New data released last week paints a confusing picture of where the U.S. economy is headed in the near term.

  • Unemployment Up
    While the unemployment rate continued to climb, hitting 9.7% in August, the rate of job losses remained lower, as it had in June and July, according to figures from the Bureau of Labor Statistics. (BLS).

    Some 466,000 persons joined the ranks of the unemployed in August, bringing the total to 14.9 million throughout the U.S. That's a bad sign.

    The unemployment rate last month rose by "only" 0.3%, after remaining fairly steady in June and July. From December 2008 through May, the rate climbed by nearly 0.5% a month. Unemployment growing at a slower rate is a better sign, if not a good one.

    Since the recession began in December 2007, the number of unemployed persons has risen by 7.4 million—or nearly doubled in that period—and the unemployment rate has grown by 4.8%—or slightly more than doubled.

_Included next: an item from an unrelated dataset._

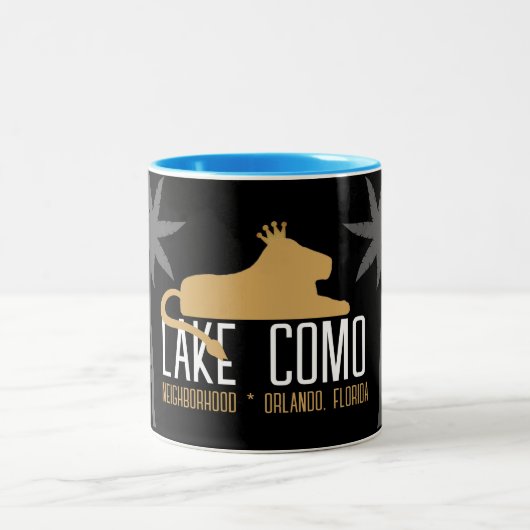 Lake Como Nachbarschaft Zweifarbige Tasse (Mittel)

    The Conference Board Employment Trends Index reflects a similar picture. In July, the index fell 0.1% to stand at 88.1, a decline of 18.5% from July 2008. The components of the index, an aggregate of eight labor market indicators, were mixed.

    "The flatness of the Employment Trends Index in recent months suggests that we won't see job growth until the end of the year," said Gad Levanson, senior economist at The Conference Board. "The fact that the index cannot get off the ground is another sign of a weak recovery, perhaps a jobless one."

  • Productivity Up
    The flip side to lower employment, however, is greater productivity, and that's generally considered good. Nonfarm business sector labor productivity in the second quarter experienced its biggest quarterly gain since the third quarter of 2003, the BLS reported. Productivity increased at an annual rate of 6.6%.

    The gain reflects a 1.5% decline in output, but workers put in 7.6% fewer hours, so productivity gained, the result of employers trying to squeeze as much work as possible out of their reduced workforces in the face of weakened demand.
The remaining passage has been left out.